(Image-text web data)
◆ ◆ ◆
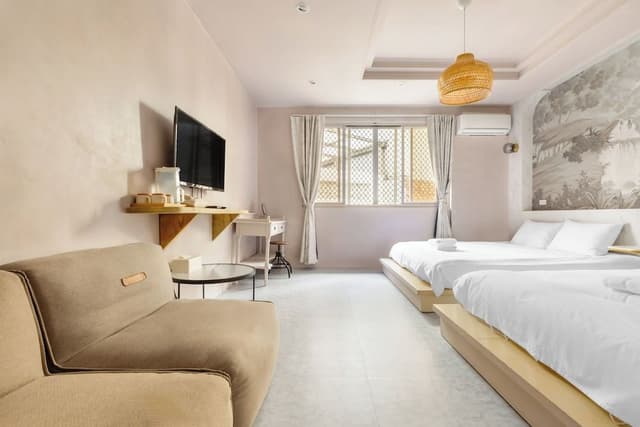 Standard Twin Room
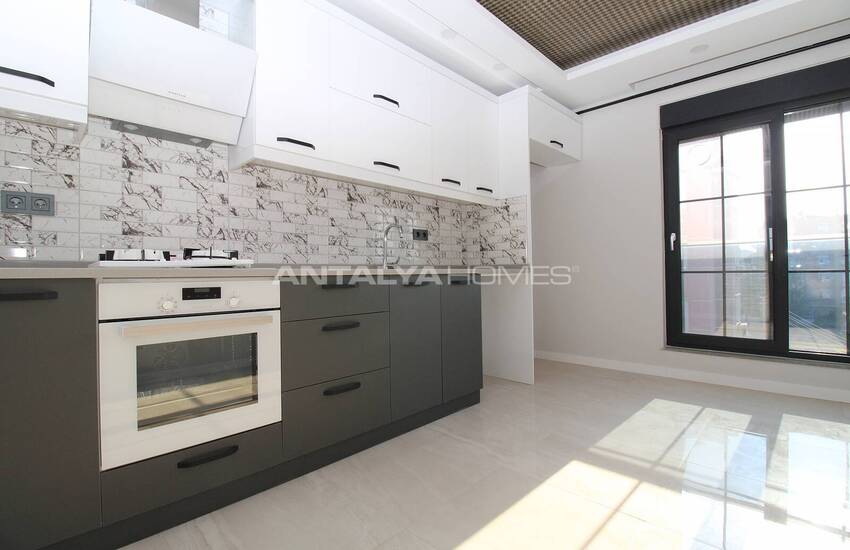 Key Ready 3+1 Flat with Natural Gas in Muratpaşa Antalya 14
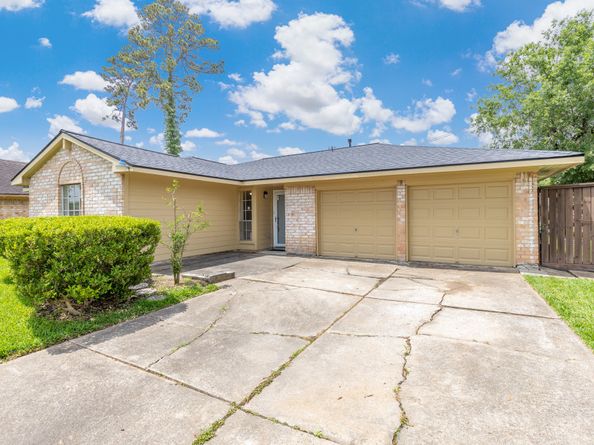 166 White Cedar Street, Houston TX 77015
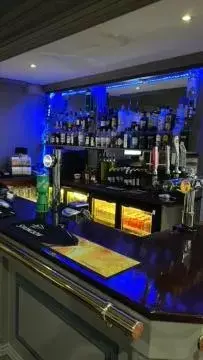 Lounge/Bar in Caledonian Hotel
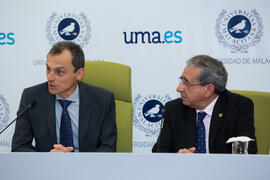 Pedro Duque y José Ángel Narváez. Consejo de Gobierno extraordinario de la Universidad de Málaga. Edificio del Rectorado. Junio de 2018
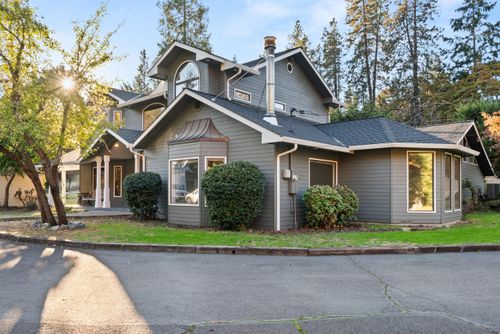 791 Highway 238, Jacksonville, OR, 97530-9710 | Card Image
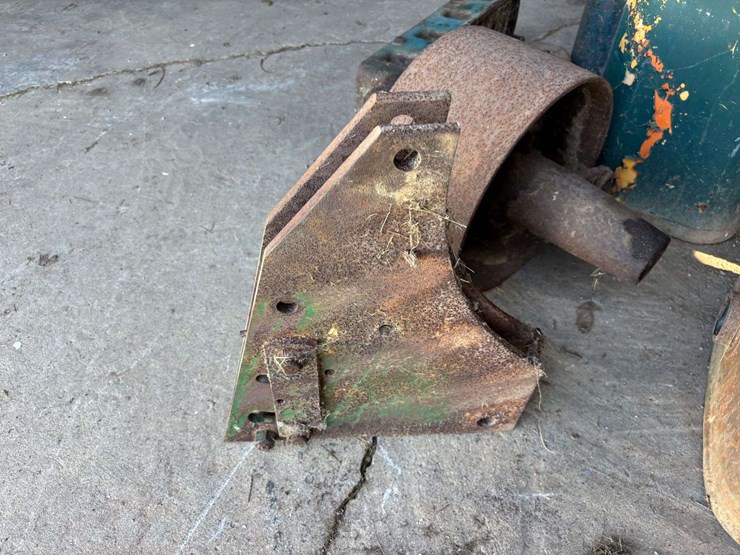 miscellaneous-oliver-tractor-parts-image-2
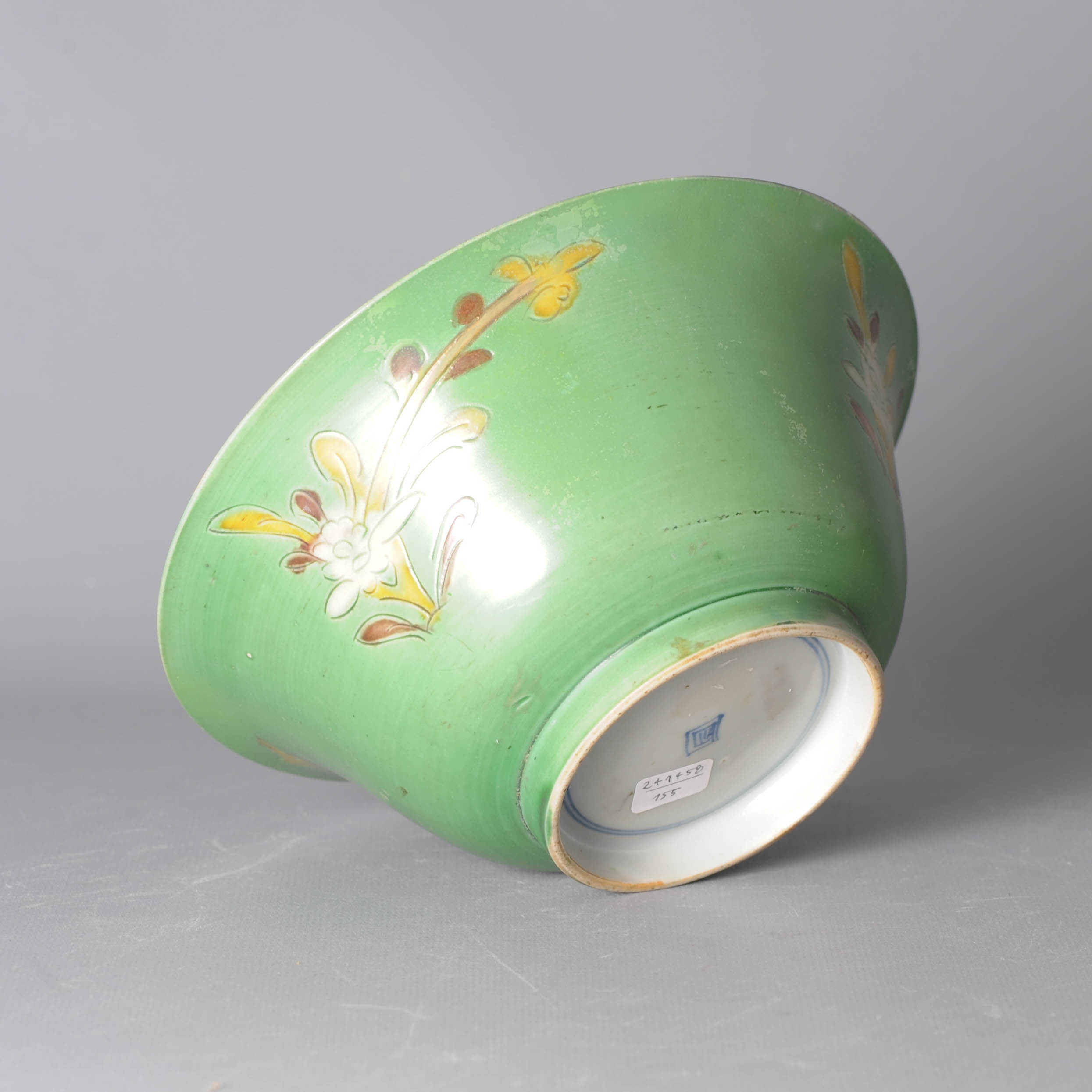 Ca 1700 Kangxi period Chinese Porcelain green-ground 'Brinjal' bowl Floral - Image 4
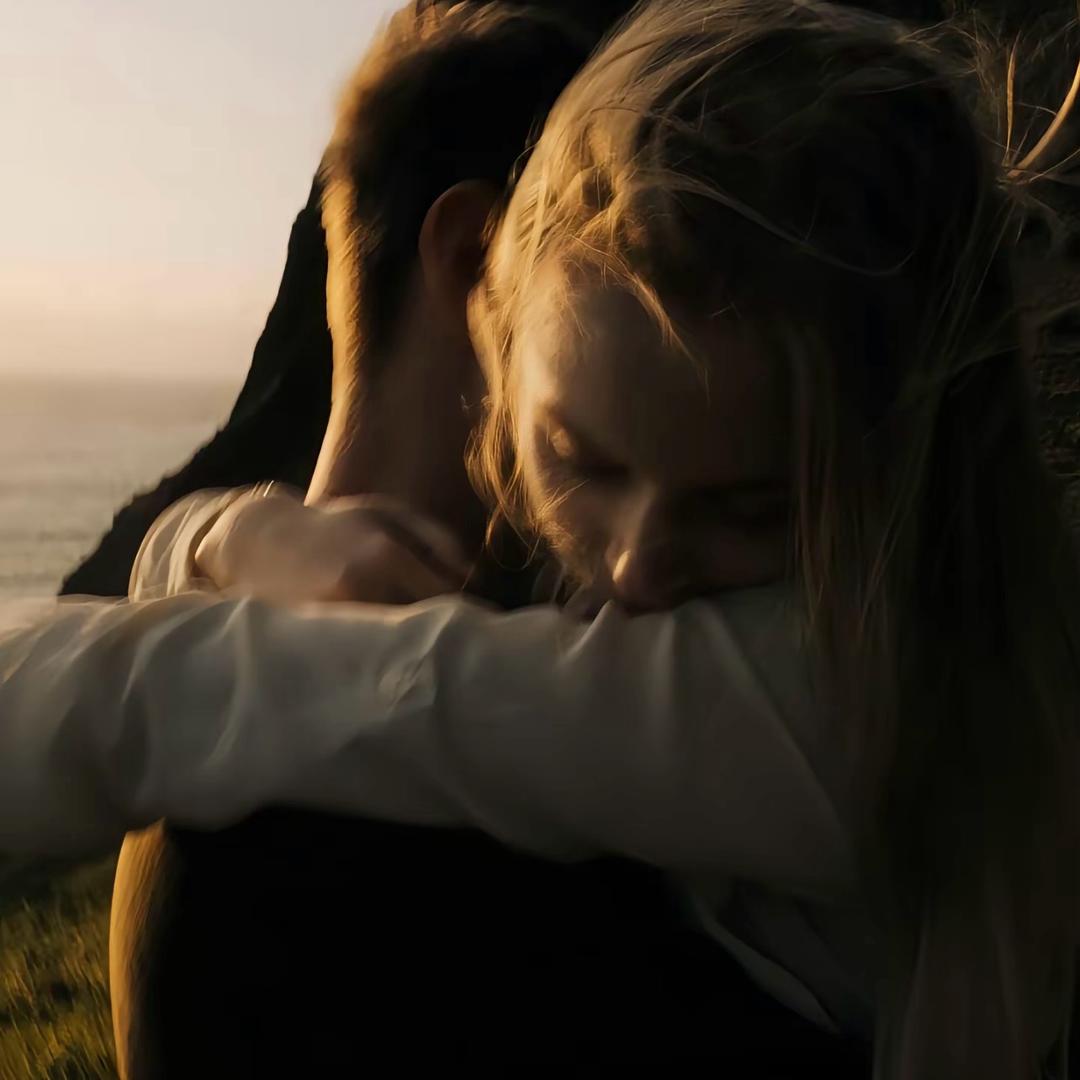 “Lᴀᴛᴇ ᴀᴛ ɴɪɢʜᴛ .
◆ ◆ ◆
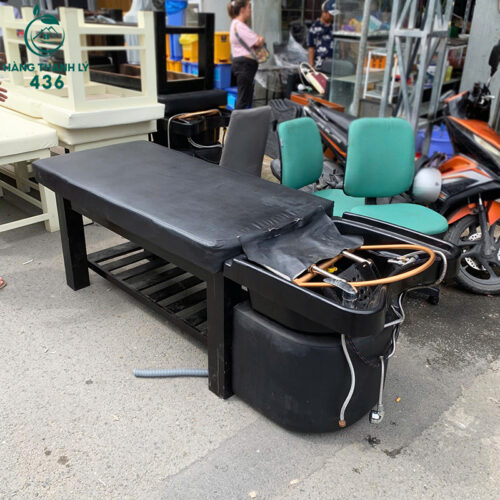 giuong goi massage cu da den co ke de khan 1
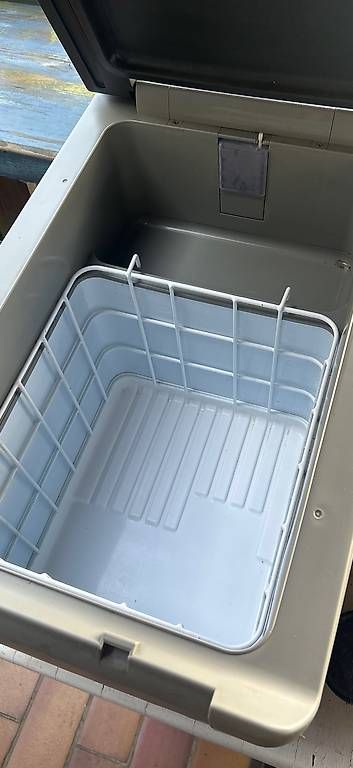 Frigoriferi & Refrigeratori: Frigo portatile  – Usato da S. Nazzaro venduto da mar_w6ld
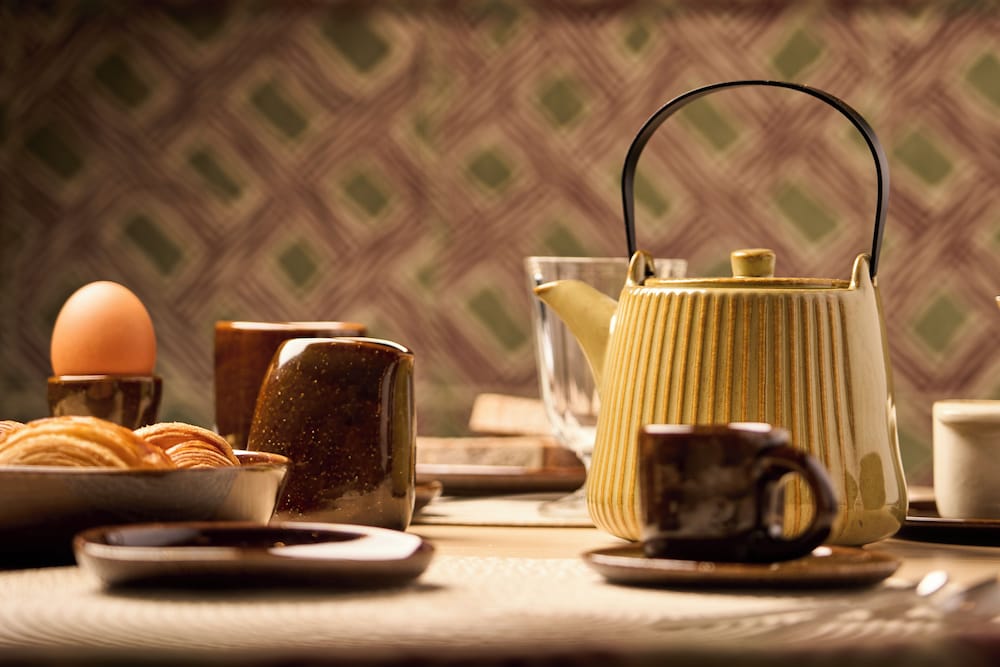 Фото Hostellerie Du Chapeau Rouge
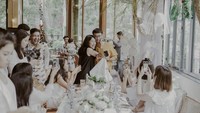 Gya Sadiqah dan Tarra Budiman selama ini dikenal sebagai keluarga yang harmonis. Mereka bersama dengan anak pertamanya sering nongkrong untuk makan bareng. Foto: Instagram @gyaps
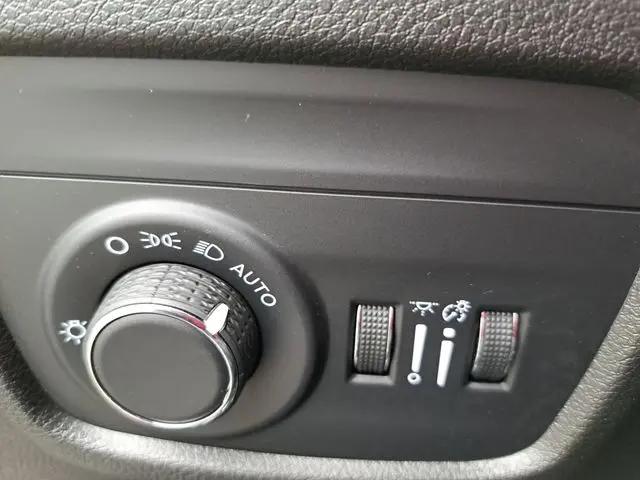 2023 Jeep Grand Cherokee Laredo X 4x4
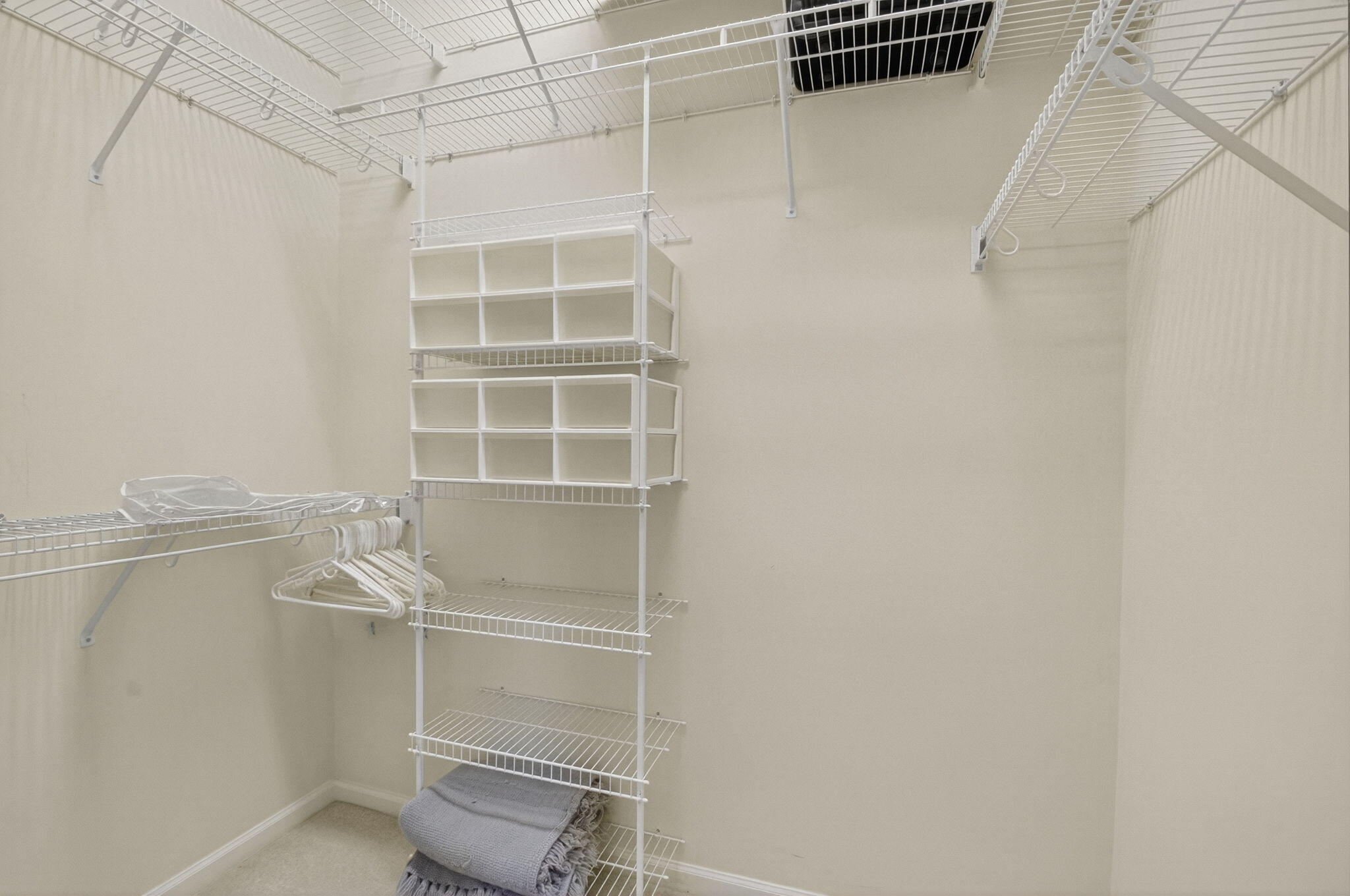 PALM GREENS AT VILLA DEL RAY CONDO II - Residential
◆ ◆ ◆
(The task) Above are some records; extract exactly the lines from the one containing "giuong goi massage cu da den co ke de khan 1" through the one containing "PALM GREENS AT" and drop the pictures.

(Solution to the problem)
 giuong goi massage cu da den co ke de khan 1
 Frigoriferi & Refrigeratori: Frigo portatile  – Usato da S. Nazzaro venduto da mar_w6ld
 Фото Hostellerie Du Chapeau Rouge
 Gya Sadiqah dan Tarra Budiman selama ini dikenal sebagai keluarga yang harmonis. Mereka bersama dengan anak pertamanya sering nongkrong untuk makan bareng. Foto: Instagram @gyaps
 2023 Jeep Grand Cherokee Laredo X 4x4
 PALM GREENS AT VILLA DEL RAY CONDO II - Residential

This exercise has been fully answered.